Planned Parenthood protests WJZ's airing of 'Sex, Lies . . .'

November 04, 1995|By Arthur Hirsch | Arthur Hirsch,SUN STAFF

Despite Planned Parenthood of Maryland's protest that it contains factual inaccuracies, WJZ-TV (Channel 13) will air "Sex, Lies and the Truth," a program produced by a conservative religious group to promote teen-age sexual abstinence.

"I think any time you talk about this subject from either side you're doing a service," says Michael Easterling, the station's manager of programming and public affairs. He says any program on the subject was bound to be criticized by people invested in a particular point of view. The 30-minute show airing at 7 p.m. will be followed by a 30-minute taped group discussion featuring about 25 teen-agers from the Baltimore area.

Tracy Zimmerman, Planned Parenthood's spokeswoman, says she talked with Mr. Easterling by phone Thursday and asked him to dump the program. She says Planned Parenthood agrees with the message of abstinence, but says the show includes misleading information about the effectiveness of condoms in preventing sexually transmitted diseases (STDs).

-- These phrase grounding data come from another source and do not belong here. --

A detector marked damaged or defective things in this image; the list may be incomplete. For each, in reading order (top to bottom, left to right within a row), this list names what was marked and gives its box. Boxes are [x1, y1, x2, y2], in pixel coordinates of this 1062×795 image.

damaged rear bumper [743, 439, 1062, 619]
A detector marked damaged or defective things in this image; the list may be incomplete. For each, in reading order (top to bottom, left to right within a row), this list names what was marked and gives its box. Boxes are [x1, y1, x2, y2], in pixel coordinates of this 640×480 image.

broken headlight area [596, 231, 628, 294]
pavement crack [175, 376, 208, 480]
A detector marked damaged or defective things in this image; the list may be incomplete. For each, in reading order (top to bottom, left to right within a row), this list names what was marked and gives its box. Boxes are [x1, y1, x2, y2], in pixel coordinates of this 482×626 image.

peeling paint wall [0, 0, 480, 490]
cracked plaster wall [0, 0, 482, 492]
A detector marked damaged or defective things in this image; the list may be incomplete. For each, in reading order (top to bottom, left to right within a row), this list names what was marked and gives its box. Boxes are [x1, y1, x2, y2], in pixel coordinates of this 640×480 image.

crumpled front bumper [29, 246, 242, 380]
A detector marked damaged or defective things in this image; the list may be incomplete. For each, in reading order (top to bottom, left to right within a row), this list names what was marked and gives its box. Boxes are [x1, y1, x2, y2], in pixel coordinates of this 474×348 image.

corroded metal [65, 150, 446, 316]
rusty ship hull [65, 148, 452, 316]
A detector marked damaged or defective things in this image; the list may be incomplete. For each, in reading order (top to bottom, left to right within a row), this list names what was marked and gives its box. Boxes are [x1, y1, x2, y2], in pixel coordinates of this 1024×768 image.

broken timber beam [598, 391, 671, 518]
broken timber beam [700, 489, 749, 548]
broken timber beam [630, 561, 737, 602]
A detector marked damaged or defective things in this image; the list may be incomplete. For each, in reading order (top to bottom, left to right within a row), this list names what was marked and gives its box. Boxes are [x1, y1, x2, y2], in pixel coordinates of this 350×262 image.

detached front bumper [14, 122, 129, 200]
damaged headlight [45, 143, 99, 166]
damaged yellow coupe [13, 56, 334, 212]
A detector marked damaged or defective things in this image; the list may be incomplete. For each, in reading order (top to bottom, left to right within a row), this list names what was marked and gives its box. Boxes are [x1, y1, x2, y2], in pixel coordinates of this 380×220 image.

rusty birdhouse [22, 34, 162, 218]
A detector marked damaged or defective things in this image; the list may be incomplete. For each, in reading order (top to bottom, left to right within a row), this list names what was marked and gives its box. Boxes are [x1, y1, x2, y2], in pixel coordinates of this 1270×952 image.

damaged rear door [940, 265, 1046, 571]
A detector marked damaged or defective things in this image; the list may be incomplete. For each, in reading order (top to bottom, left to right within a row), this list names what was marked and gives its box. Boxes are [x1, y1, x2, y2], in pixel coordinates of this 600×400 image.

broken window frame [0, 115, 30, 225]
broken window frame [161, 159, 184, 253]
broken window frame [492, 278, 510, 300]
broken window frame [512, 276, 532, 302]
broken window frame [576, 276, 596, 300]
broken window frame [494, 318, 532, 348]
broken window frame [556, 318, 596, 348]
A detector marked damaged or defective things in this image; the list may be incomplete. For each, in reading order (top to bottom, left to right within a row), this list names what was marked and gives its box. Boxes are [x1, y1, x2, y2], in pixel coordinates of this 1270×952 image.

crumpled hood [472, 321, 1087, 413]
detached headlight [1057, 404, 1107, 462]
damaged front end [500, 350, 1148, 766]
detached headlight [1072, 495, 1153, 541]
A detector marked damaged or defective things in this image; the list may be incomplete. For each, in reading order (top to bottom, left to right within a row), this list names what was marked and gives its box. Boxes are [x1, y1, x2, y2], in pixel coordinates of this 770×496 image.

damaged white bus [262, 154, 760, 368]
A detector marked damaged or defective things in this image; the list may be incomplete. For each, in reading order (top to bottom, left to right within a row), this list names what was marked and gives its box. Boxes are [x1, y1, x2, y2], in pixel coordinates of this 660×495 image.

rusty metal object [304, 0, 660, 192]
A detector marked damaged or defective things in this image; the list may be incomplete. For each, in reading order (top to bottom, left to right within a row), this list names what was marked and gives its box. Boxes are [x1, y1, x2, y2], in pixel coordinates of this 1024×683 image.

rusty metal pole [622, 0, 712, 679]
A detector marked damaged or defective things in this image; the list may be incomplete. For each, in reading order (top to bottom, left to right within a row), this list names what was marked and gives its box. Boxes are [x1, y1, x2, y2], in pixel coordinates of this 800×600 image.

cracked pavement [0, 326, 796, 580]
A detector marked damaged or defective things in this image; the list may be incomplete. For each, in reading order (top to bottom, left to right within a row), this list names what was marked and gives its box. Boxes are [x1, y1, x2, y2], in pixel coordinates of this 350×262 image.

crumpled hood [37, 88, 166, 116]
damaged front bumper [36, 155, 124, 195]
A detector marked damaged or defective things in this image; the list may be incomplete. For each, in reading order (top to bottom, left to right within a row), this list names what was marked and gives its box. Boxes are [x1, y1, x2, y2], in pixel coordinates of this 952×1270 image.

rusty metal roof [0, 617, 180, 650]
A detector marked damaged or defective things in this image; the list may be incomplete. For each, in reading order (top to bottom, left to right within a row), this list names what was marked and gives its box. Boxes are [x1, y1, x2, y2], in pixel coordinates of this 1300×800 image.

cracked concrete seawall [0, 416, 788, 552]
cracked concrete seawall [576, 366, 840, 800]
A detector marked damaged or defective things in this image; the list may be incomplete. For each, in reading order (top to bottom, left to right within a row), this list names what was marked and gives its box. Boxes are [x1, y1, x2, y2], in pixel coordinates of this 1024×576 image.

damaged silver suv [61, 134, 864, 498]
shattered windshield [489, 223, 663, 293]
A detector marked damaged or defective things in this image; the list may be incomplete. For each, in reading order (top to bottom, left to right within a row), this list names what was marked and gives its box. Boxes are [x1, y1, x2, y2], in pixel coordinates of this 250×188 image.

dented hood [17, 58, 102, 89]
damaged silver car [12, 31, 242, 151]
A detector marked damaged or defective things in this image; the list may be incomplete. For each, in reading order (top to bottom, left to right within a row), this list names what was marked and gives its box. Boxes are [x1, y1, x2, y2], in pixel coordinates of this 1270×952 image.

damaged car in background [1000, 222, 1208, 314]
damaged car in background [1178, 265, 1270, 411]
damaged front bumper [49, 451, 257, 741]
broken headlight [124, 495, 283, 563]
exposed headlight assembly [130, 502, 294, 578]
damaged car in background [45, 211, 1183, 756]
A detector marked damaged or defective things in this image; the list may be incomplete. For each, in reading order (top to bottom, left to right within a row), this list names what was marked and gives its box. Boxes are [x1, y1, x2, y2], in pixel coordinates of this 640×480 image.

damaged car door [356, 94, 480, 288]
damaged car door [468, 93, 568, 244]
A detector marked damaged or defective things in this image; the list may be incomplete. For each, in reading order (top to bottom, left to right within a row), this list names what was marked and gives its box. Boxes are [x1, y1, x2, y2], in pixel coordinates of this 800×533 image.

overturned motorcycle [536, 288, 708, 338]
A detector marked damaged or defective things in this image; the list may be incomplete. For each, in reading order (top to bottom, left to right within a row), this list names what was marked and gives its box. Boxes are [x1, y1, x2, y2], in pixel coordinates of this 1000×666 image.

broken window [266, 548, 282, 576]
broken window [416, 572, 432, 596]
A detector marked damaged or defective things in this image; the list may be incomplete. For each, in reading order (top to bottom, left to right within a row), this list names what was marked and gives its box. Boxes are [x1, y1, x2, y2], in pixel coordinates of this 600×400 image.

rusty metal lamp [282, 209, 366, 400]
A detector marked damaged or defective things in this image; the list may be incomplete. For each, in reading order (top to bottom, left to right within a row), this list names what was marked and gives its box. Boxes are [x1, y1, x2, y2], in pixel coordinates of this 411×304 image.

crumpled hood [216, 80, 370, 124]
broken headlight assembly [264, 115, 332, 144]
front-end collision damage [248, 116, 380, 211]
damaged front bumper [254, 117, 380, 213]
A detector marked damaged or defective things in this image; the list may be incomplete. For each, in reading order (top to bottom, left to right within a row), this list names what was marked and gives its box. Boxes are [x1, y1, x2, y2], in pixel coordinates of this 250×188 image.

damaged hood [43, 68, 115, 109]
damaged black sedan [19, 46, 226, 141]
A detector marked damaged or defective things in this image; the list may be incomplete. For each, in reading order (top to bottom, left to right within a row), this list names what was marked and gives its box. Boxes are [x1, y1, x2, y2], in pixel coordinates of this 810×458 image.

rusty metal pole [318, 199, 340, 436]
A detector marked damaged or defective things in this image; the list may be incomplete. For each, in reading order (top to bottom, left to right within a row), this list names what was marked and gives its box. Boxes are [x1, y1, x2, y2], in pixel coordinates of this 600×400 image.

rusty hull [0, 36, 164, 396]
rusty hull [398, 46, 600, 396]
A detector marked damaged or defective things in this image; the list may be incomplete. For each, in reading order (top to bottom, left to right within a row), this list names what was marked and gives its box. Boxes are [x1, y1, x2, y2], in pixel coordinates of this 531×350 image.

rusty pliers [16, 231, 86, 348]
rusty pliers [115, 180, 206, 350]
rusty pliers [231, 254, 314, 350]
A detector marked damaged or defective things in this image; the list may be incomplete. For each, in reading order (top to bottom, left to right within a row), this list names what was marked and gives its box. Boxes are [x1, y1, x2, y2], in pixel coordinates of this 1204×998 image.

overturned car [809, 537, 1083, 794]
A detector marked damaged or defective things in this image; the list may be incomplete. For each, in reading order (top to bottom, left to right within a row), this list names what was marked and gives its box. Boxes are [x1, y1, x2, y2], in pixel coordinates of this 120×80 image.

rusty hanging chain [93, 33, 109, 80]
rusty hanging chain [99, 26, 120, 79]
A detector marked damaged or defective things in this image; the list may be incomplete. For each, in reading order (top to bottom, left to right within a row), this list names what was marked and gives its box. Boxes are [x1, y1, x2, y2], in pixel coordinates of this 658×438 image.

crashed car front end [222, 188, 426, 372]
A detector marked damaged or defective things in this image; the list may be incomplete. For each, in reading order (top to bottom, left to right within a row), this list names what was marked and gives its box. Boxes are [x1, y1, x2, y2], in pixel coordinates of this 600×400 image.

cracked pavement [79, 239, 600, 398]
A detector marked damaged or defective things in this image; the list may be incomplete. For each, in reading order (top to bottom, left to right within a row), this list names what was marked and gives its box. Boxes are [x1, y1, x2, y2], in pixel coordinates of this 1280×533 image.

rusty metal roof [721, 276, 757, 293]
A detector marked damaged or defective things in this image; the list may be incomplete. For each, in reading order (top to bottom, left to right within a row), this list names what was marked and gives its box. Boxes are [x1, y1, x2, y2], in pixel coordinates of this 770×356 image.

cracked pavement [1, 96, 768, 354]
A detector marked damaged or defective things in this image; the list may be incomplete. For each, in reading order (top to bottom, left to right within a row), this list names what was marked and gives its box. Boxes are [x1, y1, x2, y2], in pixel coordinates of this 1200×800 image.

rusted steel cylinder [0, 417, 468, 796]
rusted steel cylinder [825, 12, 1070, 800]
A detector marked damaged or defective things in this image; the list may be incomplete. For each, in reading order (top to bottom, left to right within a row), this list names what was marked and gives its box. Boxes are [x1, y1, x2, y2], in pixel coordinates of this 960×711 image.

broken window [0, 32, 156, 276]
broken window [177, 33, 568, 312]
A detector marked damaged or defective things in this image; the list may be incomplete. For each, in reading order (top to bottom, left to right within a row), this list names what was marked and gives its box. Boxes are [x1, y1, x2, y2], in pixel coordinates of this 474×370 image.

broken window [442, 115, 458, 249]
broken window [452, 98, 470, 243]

"If you watch this tape you may think 'What's the point in using a condom?' " says Ms. Zimmerman.

The program says that condoms fail to prevent pregnancy 15 percent of the time. That's true, says Dr. Paul Blumenthal, Planned Parenthood's medical director, but teen-agers should not be led to believe that condoms are not effective in preventing STDs.

Planned Parenthood also says the program inaccurately states that women can become pregnant only one day per month, when in fact it varies from one woman to the next. The program reports that the number of sexually transmitted infections has increased in the last few years due to unconventional sexual practice. Not true, says Planned Parenthood: HIV is the only relatively new sexually transmitted disease.

The program was produced by Focus on the Family, an organization founded by James Dobson based in Colorado Springs, Colo., home to several right-wing Christian groups.

Mr. Easterling said he cut about 90 seconds from the beginning that feature what he called a "heavily propagandized" abstinence lecture by Mr. Dobson. He says this was not in the program he saw when the station originally agreed to air the show.